4. Cari Amici, non troviamo descritto anche il nostro tempo, la nostra condizione di missionari del Vangelo? L’Italia è lunga, come si dice, ed è vero, ma ciononostante troviamo non piccole somiglianze, tratti che sono di ogni tempo e di ogni luogo. Il Santo Padre ci invita a stare vicini alla nostra gente e, nello stesso tempo, a prendere il largo della missione, a riconoscere il bene ovunque senza confondere mai la parte con il tutto, a non lasciarci ridurre al silenzio, ad annunciare che Gesù è il Signore. Ci esorta a predicare il suo amore misericordioso, a proclamare la follia della croce che salva, a non temere lo scherno apostolico, ricordando che il grande protagonista è sempre lo Spirito Santo che ha i suoi tempi e le sue vie, e che conduce alla verità piena. Cristo ci ha chiamati ad una missione esaltante, che si scontra con la nostra piccolezza: aiutare i fratelli a intraprendere i sentieri della gioia evangelica. Ci ha chiamati a riconoscere il Risorto: Gesù è venuto a noi come un uomo che viene da lontano, i cui passi appena appena si sentono. Questi passi si fanno poi più sicuri, finché non si comprende che essi sono la sua presenza. Ed è gioia! Questa attenzione, fatta di desiderio, la dobbiamo tenere desta nel nostro cuore, nel cuore del nostro clero e delle comunità: è un desiderio che spera contro ogni apparenza; che tiene spiegata la vela anche quando i venti sono contrari, e ci sembra di essere avvolti dal sonno del Risorto. Ma il Signore è sempre con noi, vuole solo che ci fidiamo di Lui: “Perché temete, uomini di poca fede?”.

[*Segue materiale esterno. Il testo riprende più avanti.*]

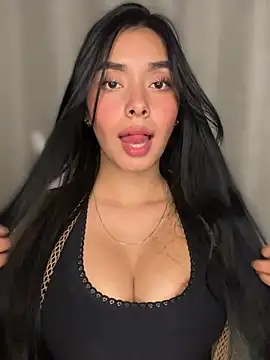 MiaSofia   online show from 01-10-26, 02:40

5. Tornano alla memoria le parole di sant’Agostino: “Voi seminate nelle lacrime, voi raccogliete nella gioia. Come avviene questo, fratelli miei? Quando l’agricoltore passa con l’aratro e getta il seme, talvolta il vento è glaciale, la pioggia l’ostacola. Egli scruta il cielo, lo vede oscuro, trema di freddo ma, ciononostante, intraprende la semina”. Anche noi andiamo avanti, coscienti che solo la certezza di compiere l’opera di Dio ci sostiene, e sapendo che nell’intimo delle anime esiste una singolare attesa, un bisogno di luce e di speranza, una voglia inconscia di verità e di bene. Sapendo che per essere scintille di gioia dobbiamo vivere davanti al roveto ardente che è Cristo; che per amare con il cuore di Dio è necessario lasciarci amare da Lui, e che lasciarci amare è così difficile, poiché si tratta di arrenderci senza condizioni! Cristo ci ha chiamati d essere dei ceri accesi, la cui vita si esprime in una fiamma d’amore e di servizio.
6. Cari Amici, grazie per avermi permesso di presiedere questa Eucaristia: è un grande dono. E grazie per l’esempio, la parola saggia, l’amore alla Chiesa, che in questi dieci anni ho sempre visto in tutti e in ciascuno. Come ho già detto, è stato per me un grande onore e una grande grazia poter servire – come meglio ho saputo – la nostra Conferenza che ha il dono di un legame unico con il Vescovo di Roma, il Papa. Insieme abbiamo servito le nostre Chiese e il nostro amato Paese. Come sempre, ci affidiamo alla Vergine Maria, la grande Madre di Dio e della Chiesa.